Specific second active agents include, but are not limited to, chlorambucil; fludarabine; dexamethasone ( ); hydrocorticosterone; methylprednisolone; cilostamide; cranberry ;; fluconazole; rituximab; cyclosporine A; cisplatin; vincristine; PDE7 inhibitors, such as BRL-50481 and IR-202; dual PDE4/7 inhibitors, such as IR-284, Cilostazol, meribendan, milrinone, vesnarionone, enoximone, and pimobendan; Syk inhibitors, Such as fostamatinib disodium (R406/R788), R343, R-112 and Excellair (ZaBeCor Pharmaceuticals, Bala Cynwyd, PA).

treatment method

Provided herein are methods of treating or managing lymphoma, particularly non-Hodgkin's lymphoma. In some embodiments, provided herein are methods of treating or managing non-Hodgkin's lymphoma (NHL) including, but not limited to, diffuse large B-cell lymphoma (DLBCL) using a prognostic factor.

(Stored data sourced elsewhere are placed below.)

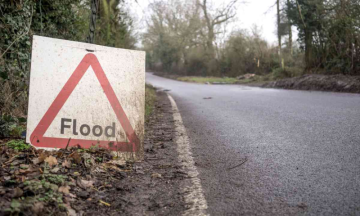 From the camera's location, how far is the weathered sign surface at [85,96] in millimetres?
2736

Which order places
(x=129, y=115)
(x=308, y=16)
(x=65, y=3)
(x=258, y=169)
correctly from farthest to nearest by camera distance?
(x=308, y=16), (x=65, y=3), (x=129, y=115), (x=258, y=169)

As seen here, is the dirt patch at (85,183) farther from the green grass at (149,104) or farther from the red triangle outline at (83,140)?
the green grass at (149,104)

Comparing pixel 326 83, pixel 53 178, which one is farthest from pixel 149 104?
pixel 326 83

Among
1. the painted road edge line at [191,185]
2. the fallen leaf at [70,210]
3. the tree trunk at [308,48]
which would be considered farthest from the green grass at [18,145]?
the tree trunk at [308,48]

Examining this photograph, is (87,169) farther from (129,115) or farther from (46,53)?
(46,53)

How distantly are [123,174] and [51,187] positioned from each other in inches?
28.4

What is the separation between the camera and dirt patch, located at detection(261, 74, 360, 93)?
11336mm

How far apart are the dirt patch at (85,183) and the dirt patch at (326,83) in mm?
10415

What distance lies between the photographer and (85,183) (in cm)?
228

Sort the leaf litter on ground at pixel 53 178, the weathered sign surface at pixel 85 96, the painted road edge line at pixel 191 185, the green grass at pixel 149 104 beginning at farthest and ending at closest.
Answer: the green grass at pixel 149 104 < the weathered sign surface at pixel 85 96 < the painted road edge line at pixel 191 185 < the leaf litter on ground at pixel 53 178

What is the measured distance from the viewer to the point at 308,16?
54.2ft

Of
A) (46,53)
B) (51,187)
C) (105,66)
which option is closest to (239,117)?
(105,66)

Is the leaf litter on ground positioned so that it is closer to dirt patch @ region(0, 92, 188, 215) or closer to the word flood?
dirt patch @ region(0, 92, 188, 215)

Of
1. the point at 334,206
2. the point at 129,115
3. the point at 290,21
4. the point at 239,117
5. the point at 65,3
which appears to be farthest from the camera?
the point at 290,21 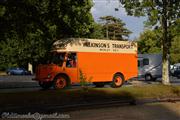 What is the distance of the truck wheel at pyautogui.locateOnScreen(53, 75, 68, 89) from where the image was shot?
26.7 meters

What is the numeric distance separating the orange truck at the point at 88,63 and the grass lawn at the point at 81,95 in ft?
10.9

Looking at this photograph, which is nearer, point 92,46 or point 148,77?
point 92,46

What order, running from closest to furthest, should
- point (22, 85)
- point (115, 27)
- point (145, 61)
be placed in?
1. point (22, 85)
2. point (145, 61)
3. point (115, 27)

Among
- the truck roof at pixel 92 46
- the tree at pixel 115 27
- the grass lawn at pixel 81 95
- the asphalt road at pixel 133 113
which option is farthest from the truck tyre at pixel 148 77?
the tree at pixel 115 27

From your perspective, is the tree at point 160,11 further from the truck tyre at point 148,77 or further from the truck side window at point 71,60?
the truck tyre at point 148,77

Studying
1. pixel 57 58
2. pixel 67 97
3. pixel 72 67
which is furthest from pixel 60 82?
pixel 67 97

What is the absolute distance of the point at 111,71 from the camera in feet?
97.5

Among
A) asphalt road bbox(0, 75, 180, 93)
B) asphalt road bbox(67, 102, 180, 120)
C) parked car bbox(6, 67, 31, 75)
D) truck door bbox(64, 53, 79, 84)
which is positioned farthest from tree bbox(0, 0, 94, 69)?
parked car bbox(6, 67, 31, 75)

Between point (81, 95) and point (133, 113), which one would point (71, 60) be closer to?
point (81, 95)

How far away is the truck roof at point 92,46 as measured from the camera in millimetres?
27625

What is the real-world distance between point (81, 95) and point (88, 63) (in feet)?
25.0

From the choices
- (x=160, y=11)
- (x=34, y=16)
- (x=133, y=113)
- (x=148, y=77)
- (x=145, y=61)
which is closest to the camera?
(x=133, y=113)

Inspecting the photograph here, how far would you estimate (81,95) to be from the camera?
69.3ft

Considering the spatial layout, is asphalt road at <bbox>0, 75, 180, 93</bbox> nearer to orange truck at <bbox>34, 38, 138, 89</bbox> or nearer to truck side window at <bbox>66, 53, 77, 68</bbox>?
orange truck at <bbox>34, 38, 138, 89</bbox> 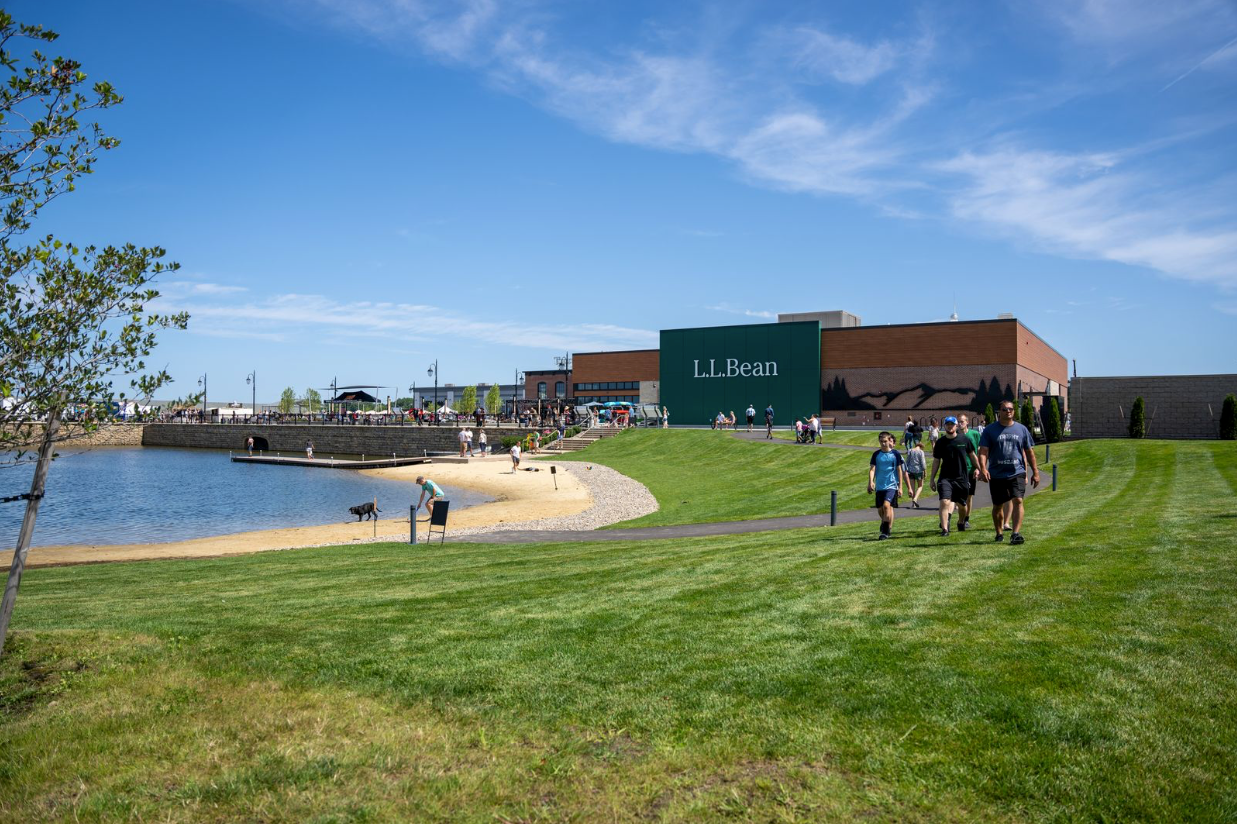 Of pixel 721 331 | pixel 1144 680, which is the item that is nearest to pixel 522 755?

Also provided herein are methods of treating patients who have previously undergone cancer treatment but who are not responsive to standard therapies, as well as patients who have not previously been treated. The invention also encompasses methods of treating a patient regardless of the age of the patient, although some diseases or conditions are more common in certain age groups. The invention further encompasses methods of treating a patient who has undergone surgery to treat the disease or condition and a patient who has not undergone surgery. Since cancer patients have different types of clinical manifestations and different clinical outcomes, the treatment given to the patient may vary depending on the prognosis of the patient. A skilled clinician will be able to readily determine the type of particular second agent, type of surgery, and non-drug based standard therapy that can be effectively used to treat individual cancer patients without undue experimentation.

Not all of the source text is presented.